What is needed ▸ This exercise calls for an exact transcription. Set down every record below.

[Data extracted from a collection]
####################

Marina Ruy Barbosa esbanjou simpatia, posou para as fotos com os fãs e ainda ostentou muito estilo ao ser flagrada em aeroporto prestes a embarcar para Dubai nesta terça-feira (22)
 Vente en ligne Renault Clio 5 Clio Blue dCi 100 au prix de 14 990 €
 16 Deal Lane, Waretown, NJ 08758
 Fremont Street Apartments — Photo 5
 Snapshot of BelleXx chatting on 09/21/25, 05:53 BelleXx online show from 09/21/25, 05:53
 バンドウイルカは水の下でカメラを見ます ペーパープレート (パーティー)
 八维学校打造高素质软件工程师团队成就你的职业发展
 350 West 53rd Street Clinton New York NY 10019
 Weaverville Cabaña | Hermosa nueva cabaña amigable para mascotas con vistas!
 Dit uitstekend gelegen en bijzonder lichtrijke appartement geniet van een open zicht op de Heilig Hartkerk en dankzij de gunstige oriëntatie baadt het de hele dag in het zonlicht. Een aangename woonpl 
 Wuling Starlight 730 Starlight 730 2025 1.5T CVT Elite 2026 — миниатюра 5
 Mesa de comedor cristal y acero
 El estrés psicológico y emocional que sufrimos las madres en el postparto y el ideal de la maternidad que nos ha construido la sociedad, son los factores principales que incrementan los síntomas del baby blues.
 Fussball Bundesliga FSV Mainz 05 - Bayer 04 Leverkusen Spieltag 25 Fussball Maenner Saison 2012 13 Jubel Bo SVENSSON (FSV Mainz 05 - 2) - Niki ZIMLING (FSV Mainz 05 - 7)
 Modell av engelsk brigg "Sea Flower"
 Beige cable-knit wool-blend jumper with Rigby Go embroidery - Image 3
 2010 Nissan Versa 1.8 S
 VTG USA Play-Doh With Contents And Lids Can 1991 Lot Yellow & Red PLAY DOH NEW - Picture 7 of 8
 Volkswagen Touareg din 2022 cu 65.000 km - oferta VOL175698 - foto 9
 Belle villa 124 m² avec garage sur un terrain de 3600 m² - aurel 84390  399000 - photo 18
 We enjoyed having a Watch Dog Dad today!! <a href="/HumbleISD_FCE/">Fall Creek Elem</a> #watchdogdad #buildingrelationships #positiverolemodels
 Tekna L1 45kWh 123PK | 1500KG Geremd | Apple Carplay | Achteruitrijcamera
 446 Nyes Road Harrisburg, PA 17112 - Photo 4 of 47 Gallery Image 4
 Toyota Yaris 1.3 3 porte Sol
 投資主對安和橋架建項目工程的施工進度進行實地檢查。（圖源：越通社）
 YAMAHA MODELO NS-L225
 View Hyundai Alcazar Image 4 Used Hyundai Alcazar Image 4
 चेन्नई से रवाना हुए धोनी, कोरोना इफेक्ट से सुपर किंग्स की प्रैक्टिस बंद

####################

Solution for this exercise ▸
Marina Ruy Barbosa esbanjou simpatia, posou para as fotos com os fãs e ainda ostentou muito estilo ao ser flagrada em aeroporto prestes a embarcar para Dubai nesta terça-feira (22)
 Vente en ligne Renault Clio 5 Clio Blue dCi 100 au prix de 14 990 €
 16 Deal Lane, Waretown, NJ 08758
 Fremont Street Apartments — Photo 5
 Snapshot of BelleXx chatting on 09/21/25, 05:53 BelleXx online show from 09/21/25, 05:53
 バンドウイルカは水の下でカメラを見ます ペーパープレート (パーティー)
 八维学校打造高素质软件工程师团队成就你的职业发展
 350 West 53rd Street Clinton New York NY 10019
 Weaverville Cabaña | Hermosa nueva cabaña amigable para mascotas con vistas!
 Dit uitstekend gelegen en bijzonder lichtrijke appartement geniet van een open zicht op de Heilig Hartkerk en dankzij de gunstige oriëntatie baadt het de hele dag in het zonlicht. Een aangename woonpl 
 Wuling Starlight 730 Starlight 730 2025 1.5T CVT Elite 2026 — миниатюра 5
 Mesa de comedor cristal y acero
 El estrés psicológico y emocional que sufrimos las madres en el postparto y el ideal de la maternidad que nos ha construido la sociedad, son los factores principales que incrementan los síntomas del baby blues.
 Fussball Bundesliga FSV Mainz 05 - Bayer 04 Leverkusen Spieltag 25 Fussball Maenner Saison 2012 13 Jubel Bo SVENSSON (FSV Mainz 05 - 2) - Niki ZIMLING (FSV Mainz 05 - 7)
 Modell av engelsk brigg "Sea Flower"
 Beige cable-knit wool-blend jumper with Rigby Go embroidery - Image 3
 2010 Nissan Versa 1.8 S
 VTG USA Play-Doh With Contents And Lids Can 1991 Lot Yellow & Red PLAY DOH NEW - Picture 7 of 8
 Volkswagen Touareg din 2022 cu 65.000 km - oferta VOL175698 - foto 9
 Belle villa 124 m² avec garage sur un terrain de 3600 m² - aurel 84390  399000 - photo 18
 We enjoyed having a Watch Dog Dad today!! <a href="/HumbleISD_FCE/">Fall Creek Elem</a> #watchdogdad #buildingrelationships #positiverolemodels
 Tekna L1 45kWh 123PK | 1500KG Geremd | Apple Carplay | Achteruitrijcamera
 446 Nyes Road Harrisburg, PA 17112 - Photo 4 of 47 Gallery Image 4
 Toyota Yaris 1.3 3 porte Sol
 投資主對安和橋架建項目工程的施工進度進行實地檢查。（圖源：越通社）
 YAMAHA MODELO NS-L225
 View Hyundai Alcazar Image 4 Used Hyundai Alcazar Image 4
 चेन्नई से रवाना हुए धोनी, कोरोना इफेक्ट से सुपर किंग्स की प्रैक्टिस बंद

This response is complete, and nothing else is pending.